Office Of Multicultural Affairs

The Office of Multicultural Affairs (OMA) was established in 2002 to support the College’s efforts to attract, recruit, and serve both students of color and international students. Our mission is to create and sustain an environment that encourages and embraces the contributions of people from a variety of cultural and ethnic backgrounds.

Thursday, December 3, 2009


My name is Erin Marie Muschette and I am multiracial. Looking at me, it is hard to determine my ethnicity, which has proven to be both a blessing and a curse. It is obvious that I am neither fully white, nor fully black, and I am too light-skinned to only be mulatto, as such, people stare at me confused and curious. Nevertheless, the staring does not bother me because I enjoy being different. The fact that people are unable to determine my ethnicity is a blessing because it allows me to see people's true views about diversity. This is also a curse because people who do not know my background engage in prejudiced conversations around me without even realizing it affects me.

I am proud to be Black, White, Portuguese, Cape Verdean, Arawak Indian, Jamaican and French-Canadian. Although I am not of Irish decent, I have an Irish first name. My skin complexion is light tan, and I have hazel eyes. I am neither dark-skinned-which makes it not as easy to point me out-nor am I completely pale-resembling many of the students here on campus. For these reasons, it is easy for me to blend in on a predominately white campus such as Assumption. I simply fade into the background.

The fact that I am multiracial raises another issue: many people expect me to identify with a specific race. I do not speak Cape Verdean-Creole or Portuguese so it is often difficult to identify with that part of my identity. Yet, if I have white friends or date white men, then I am labeled as acting white or trying to be white. Conversely, if I have black friends or date black men, then I am labeled as acting black or trying to be black. I did not know it was possible to act out who I am. I thought I was just being myself. How am I supposed to choose to identify with only one part of who I am?

My family is extremely diverse and we see people for who they are, not based on their skin color. That is the kind of atmosphere I am accustomed to. This is partly the reason why my transition into college here at Assumption was harder than I expected. Back at home, an hour away in Lynn, Mass., your character, your compassion for others, and your work ethic are what defines you, but here at Assumption many people judge you based on your skin color without getting to know you as a person. This prevents people from building healthy relationships because they are unable to see beyond race and color lines. Lynn is a very diverse city. I would be lying if I said Lynn does not have problems of its own, but it is a completely different environment than Assumption. People are very accepting in Lynn, and unfortunately that is not the case here at Assumption. I have come to realize that before attending college, I was living in a bubble. I expected everywhere I went to be just as diverse as both my family and the city in which I grew up. I realize that in life we will meet people with whom we do not share values and beliefs, but more importantly, we should be willing to learn from such experiences.

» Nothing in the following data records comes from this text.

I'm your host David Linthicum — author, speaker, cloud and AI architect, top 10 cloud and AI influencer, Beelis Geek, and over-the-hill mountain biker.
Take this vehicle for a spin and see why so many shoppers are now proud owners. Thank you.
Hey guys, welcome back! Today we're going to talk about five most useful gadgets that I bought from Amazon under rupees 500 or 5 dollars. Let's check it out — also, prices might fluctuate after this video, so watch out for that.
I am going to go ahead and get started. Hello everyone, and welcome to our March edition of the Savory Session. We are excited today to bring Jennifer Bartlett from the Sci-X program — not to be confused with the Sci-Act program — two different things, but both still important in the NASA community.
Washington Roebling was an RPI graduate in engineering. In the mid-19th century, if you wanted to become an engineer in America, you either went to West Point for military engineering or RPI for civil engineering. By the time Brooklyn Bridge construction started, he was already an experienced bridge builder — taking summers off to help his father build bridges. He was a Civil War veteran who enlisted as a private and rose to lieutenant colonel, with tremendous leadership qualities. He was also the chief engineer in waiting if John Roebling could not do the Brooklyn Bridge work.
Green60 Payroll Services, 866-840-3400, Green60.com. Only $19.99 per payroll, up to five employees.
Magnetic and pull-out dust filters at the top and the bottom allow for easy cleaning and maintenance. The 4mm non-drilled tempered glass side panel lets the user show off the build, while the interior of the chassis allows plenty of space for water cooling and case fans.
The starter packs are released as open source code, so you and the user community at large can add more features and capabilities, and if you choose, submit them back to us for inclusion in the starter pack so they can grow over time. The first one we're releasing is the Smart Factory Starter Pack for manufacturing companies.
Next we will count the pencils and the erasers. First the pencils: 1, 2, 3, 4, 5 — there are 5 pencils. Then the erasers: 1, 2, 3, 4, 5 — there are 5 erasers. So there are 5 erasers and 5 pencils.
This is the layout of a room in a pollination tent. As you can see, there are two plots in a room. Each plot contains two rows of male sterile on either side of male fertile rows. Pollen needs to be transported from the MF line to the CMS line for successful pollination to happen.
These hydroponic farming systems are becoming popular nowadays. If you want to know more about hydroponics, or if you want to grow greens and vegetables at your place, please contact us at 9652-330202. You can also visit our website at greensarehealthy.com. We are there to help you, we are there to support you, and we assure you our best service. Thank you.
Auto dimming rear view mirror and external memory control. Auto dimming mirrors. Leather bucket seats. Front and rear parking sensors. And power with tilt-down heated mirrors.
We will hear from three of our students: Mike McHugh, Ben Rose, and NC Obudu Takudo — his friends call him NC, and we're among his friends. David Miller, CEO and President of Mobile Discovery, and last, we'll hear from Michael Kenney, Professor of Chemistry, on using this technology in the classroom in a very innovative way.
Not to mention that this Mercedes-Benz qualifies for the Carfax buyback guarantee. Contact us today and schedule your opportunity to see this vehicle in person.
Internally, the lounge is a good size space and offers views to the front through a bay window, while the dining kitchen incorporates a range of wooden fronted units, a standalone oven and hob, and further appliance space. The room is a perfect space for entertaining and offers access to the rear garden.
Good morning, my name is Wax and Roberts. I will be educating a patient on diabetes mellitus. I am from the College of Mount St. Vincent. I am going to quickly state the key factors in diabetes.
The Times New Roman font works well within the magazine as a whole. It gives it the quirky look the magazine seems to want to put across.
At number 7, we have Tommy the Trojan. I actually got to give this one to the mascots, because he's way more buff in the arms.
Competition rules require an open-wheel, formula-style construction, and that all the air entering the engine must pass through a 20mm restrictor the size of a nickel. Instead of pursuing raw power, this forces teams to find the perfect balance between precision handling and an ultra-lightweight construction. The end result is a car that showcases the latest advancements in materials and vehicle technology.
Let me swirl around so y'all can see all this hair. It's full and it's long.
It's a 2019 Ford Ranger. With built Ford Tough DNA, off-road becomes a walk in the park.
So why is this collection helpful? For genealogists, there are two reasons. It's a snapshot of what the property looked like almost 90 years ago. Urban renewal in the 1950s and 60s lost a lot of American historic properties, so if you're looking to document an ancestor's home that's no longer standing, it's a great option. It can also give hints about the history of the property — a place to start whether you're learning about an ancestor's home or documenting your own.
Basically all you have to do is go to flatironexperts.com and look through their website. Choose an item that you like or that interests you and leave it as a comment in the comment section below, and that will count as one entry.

Growing up with such a diverse background has given me a strong sense of cultural awareness, as well as sensitivity towards topics of race and race relations. I have learned that it is offensive to be ignorant, and we can only improve cultural understanding through open, honest conversations. A lot of people are skeptical to ask questions regarding race and race relations, but it is better to ask questions and gain accurate knowledge about different cultures than to make incorrect assumptions about people of diverse backgrounds.

I have Black, White, Hispanic and multiracial friends. I do not make friends based on race, so it does not matter to me what they look like or how they talk. I personally love hearing different accents. My best friend is Laotian, and by being around her I was able to experience her culture. I have asked her numerous questions about her culture and have even learned a few words in Lao, the official Laotian language. I am comfortable in my own skin and am perfectly fine with the people I associate with or choose to date. The race of the people with whom I choose to surround myself with should not be an issue to anyone but me. I enjoy people's company because of their personality and not because of their skin color.

In today's society, and here at Assumption, many people are not accepting of cultures different from their own. It could be that some people have old-fashioned parents or ideals, but that does not justify ignorant thoughts or actions. In the ALANA Network, we work to promote diversity. Diversity should bring people together, not separate them. We must embrace different cultures in order to gain a better understanding of others. This way we will learn why people look, act, speak or dress a certain way, and such understanding will ultimately make all people feel comfortable and accepted. I am sure we can all agree that there is no better feeling than to be comfortable in our own skin and be accepted for who we are as human beings.